Once you’ve decided to sell up, it’s important that you talk to your tenants – who knows, they may even wish to buy the property themselves.

If this isn’t on the cards, you’ll need to decide whether you want to sell the property as a tenanted buy-to-let or a vacant home on the open market. Both options come with pros and cons:

  • If you sell a tenanted property, your target market will be limited to other landlords, who might be attracted by the prospect of having rent coming in from day one. The downside to doing this is that there are lots of administrative hoops you’ll need to jump through.
  • If you sell a vacant property without sitting tenants, you’ll be putting your home on the open market, which could achieve a higher selling price. Of course, you’ll need to follow the correct procedures to evict your current tenants first, and you may need to spend money sprucing up the property before you’re able to sell it.

Either way, communication and goodwill between you and your tenants are vital, as the tenants will need to agree that prospective buyers can enter and view the property (especially if this isn’t formally specified in the tenancy agreement).

The state of the property when potential buyers look round could also have a big impact on your sale, and your tenants may feel more inclined to tidy up if you have a good relationship with them.

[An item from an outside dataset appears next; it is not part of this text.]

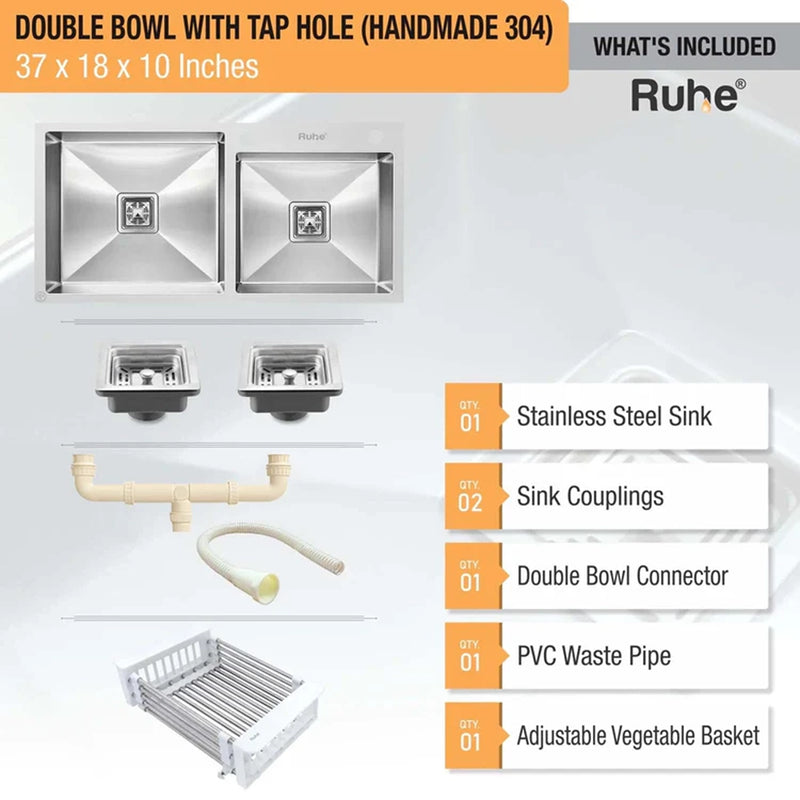 Handmade Double Bowl with Tap Hole Kitchen Sink (37 x 18 x 10 Inches)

Selling a buy-to-let property with tenants

Selling to an investor can be quicker than putting the property on the open market, as buy-to-let purchases tend to be conducted by more experienced buyers, involve fewer chains and be less emotion-based. The downside, however, is that you’ll have to deal with additional admin.

For example, you’ll need to provide the tenancy agreement to the new landlord, as well as Right to Rent records, gas safety certificates and inventories. You’ll also need to arrange to have your protected tenancy deposits transferred into the new landlord’s name.

The process isn’t hassle-free for tenants, either – they may have to undergo new referencing checks and sign updated contracts with the new landlord once the sale has completed – although it’s certainly simpler than eviction.

Selling a vacant buy-to-let property

If you want to evict your tenants before selling the property, you’ll need to adhere to the break clauses and contract terms set out in the tenancy agreement – you can’t simply serve notice whenever you wish.

If you’re determined to sell the property during the contracted period, you’ll have to come to an agreement yourself with the tenants, perhaps by providing financial compensation in return for them agreeing to move out early. Legally, the tenants hold the cards in this situation.

If you’re coming to the end of a tenancy period, have a specified break clause or your tenants are on a ‘rolling’ contract, you can serve a no-fault eviction using a Section 21 notice. This will give them two months’ notice before they have to vacate the property.

Remember to factor in some decorating time if you want to spruce up the property before putting it on the market, but if you have a buy-to-let mortgage, bear in mind the loss of rental income during this period.

Capital gains tax when selling a buy-to-let property

Buy-to-let properties are subject to capital gains tax (CGT).

This is charged at a rate of 28% (for higher-rate taxpayers) or 18% (basic-rate taxpayers) on any growth in value that the property has enjoyed. If you’re a basic rate taxpayer, bear in mind that the gain will be added to your income, so this could push you into to higher-rate band.

Everyone has a tax-free capital gains allowance of £12,300 per year in 2020-21, so you’ll only need to pay CGT on profits above this threshold.

It’s also possible to offset some costs, such as what you paid out for stamp duty and conveyancing when you bought the property and any charges associated with selling it (including estate agent fees). You should also be able to offset any capital improvements you’ve made to the property against your CGT bill.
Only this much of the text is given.